> Task brief: Word for word, please copy the listing below, with its pictures left out.

> Supplied material:
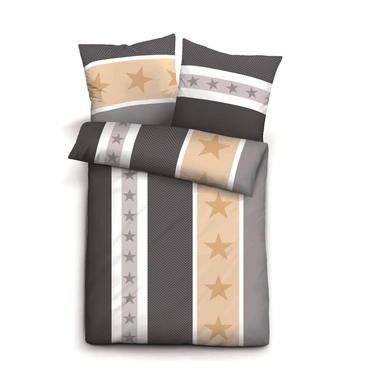 Bettwäsche Biberna Stars & Stripes Biber Titanium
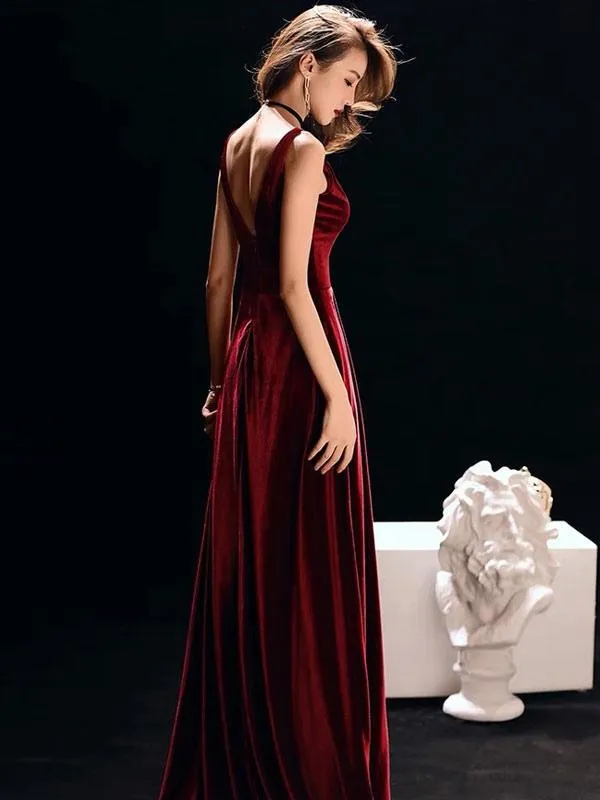 Burgundy Evening Dresses Straps V Neck Velvet Sleeveless Long Prom Dress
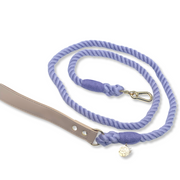 Braided Cotton Dog Leash With Vegan Leather Handle - Soft Purple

> Solution:
 Bettwäsche Biberna Stars & Stripes Biber Titanium
 Burgundy Evening Dresses Straps V Neck Velvet Sleeveless Long Prom Dress
 Braided Cotton Dog Leash With Vegan Leather Handle - Soft Purple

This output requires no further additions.